As can be seen from the above image, I purposely left the legs tenons too long.  This will be flush trimmed once the top is assembled.

The following images illustrate the Purple Heart that was hammered into the wedges, thus forcing the tenon open to almost represent a dovetail.  Once the glue set, it is not going to go anywhere.

On YouTube they make it look so easy to cut off excess tenons.  I’ve tried a range of tools, but then I’ve decided to try out the 18v Cordless Bosch Reciprocating Saw.  I took a flexible blade and to prevent it from marring the top applied some masking tape to the end thus creating a flush no-cut part of the blade.  This flexed the blade just enough to ensure the excess tenon is cut off with only one millimetre still protruding.  The protrustion was sanded down with yet another favourite tool of mine, the 150mm Bosch Professional Orbital Sander.

The top is made up of two slabs of laminated pine boards.  The jointer ensured one side of the slab is flat, but they were a bit heavy to manhandle alone through the thickness planer.  The top therefore required another solution.  This meant building a router-sled that is wide enough to flatten the whole top in one go.

The Wood Whisperer has an awesome video on how to flatten a large surface.  I made some minor modifications to his approach, but it worked flawlessly.  The router left some “scallops” but using my the 150mm Bosch sander made real light work of it.

I deployed Flurit oil for all the black wood and trimmings, while the top received some light teak oil (about 5 litres of it).  Once everything was dried and soaked in, I’ve applied shellac finish to it as well.  This leaves the bench with a nice sheen with a finish that can easily be repaired if need be.  The below image was taken after applying about 2 litres of oil.

Once the bench is assembled, I incorporated a York spindle Moxon vice at the tail end.

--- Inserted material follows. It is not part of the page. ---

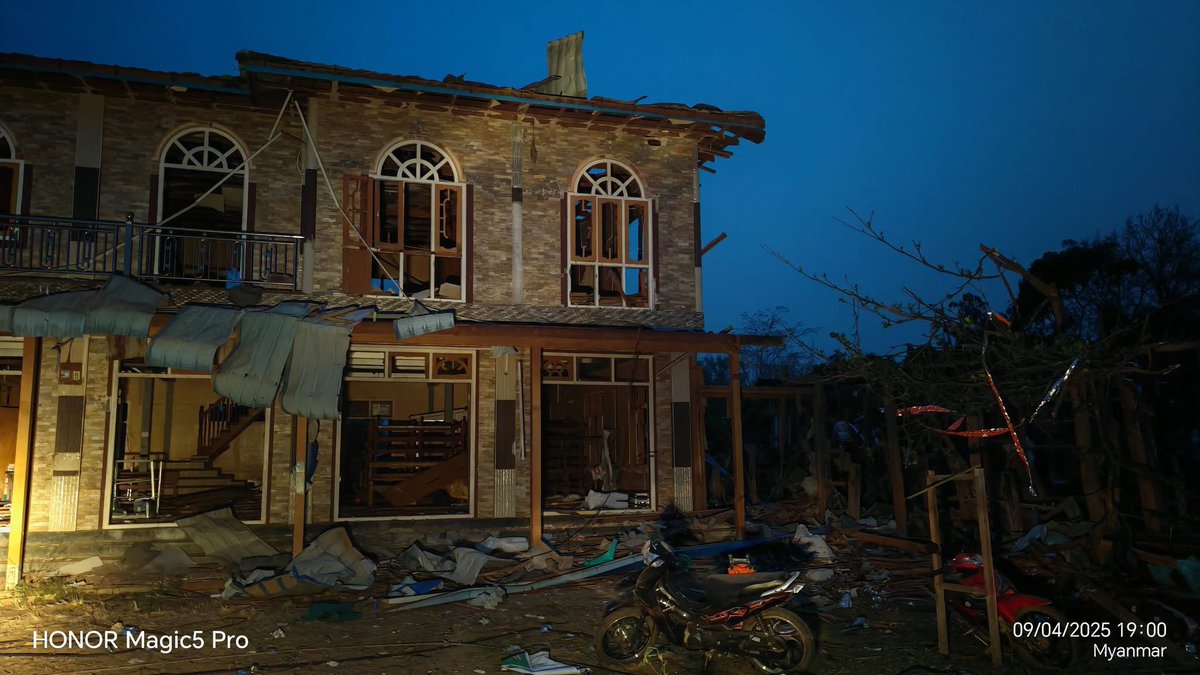 cvdom2021's tweet image. Breaking: Myanmar military bombed incessantly Wuntho, Sagaing Region on April 9, 2025. The bombing reportedly killed at least 50 civilians.
This is happening while the country is reeling from the worst earthquake in a century.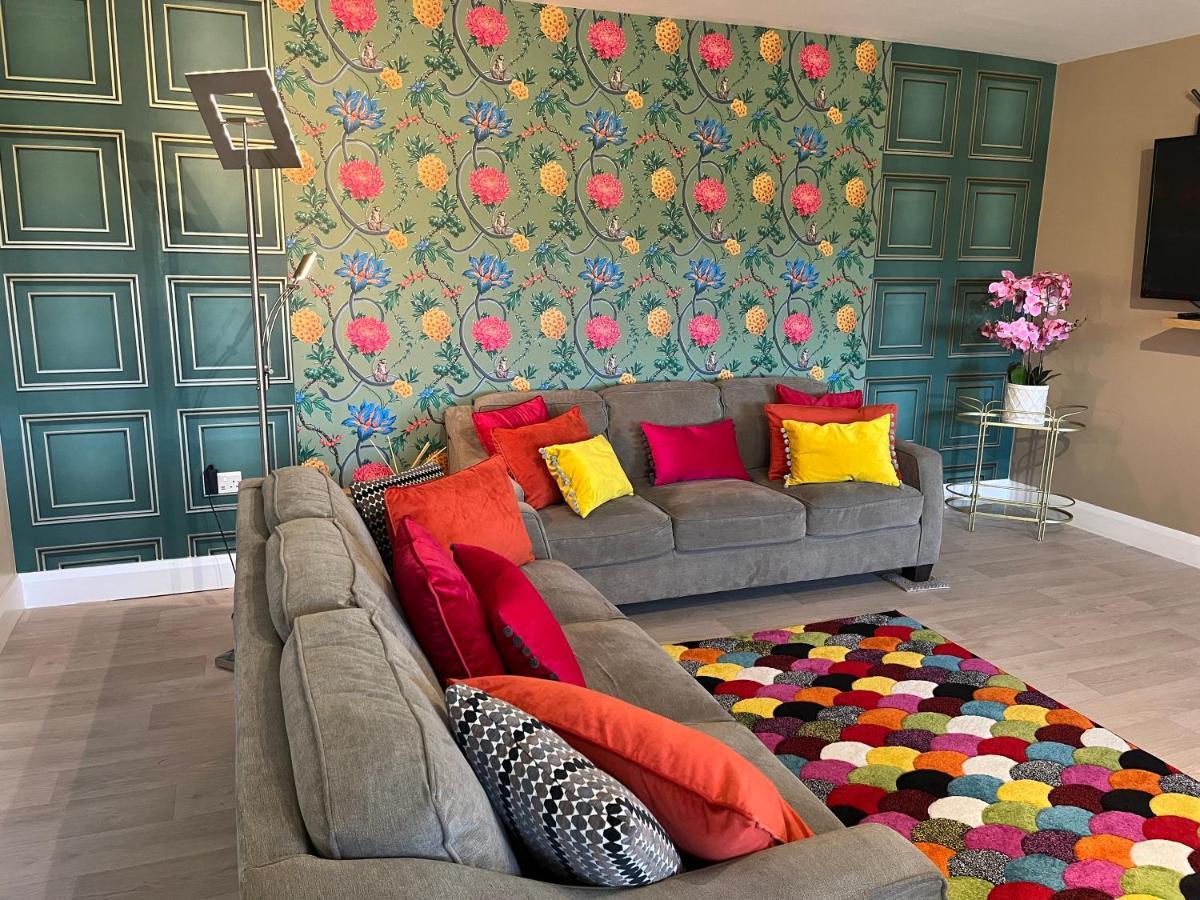Ashbrook House Apartments Дънганън Екстериор снимка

For the right leg, I created myself a homemade version leg vice using a scaffolding levelling leg for the screw, a 5KG weight for the handle, and some steel bars for the St Peters Cross.

The 5KG weight works surprisingly well as a hand wheel and has a tremendous amount of kinetic energy when in motion.  The holding power of the vice is also quite astonishing.  I have debated with myself if I need another handle on it, but thus far, it works more than sufficiently.

For my main leg vice, located on the front left leg, I’ve ordered the Benchcrafted Glide Solo C kit, but unfortunately, it is still stuck at customs in Johannesburg.  So if any of your readers have contacts, to expedite the package, then please put me in contact with them.  Any event, once that is received, I should be able to complete my lefthanded leg vice and then complete my bench.

In the meantime, this has not stopped me from abusing the bench.  The pictures below demonstrate the bench in action.

I recently moved my cordless tools from my main tool wall to be closer to the work bench.  Here I am making a new French cleat holder to hang up the vacuum cleaner.  Once complete it will join its brethren cordless tools which is now only an arm’s length away.

I hope you’ve enjoyed the journey, this was a very fun, yet challenging build.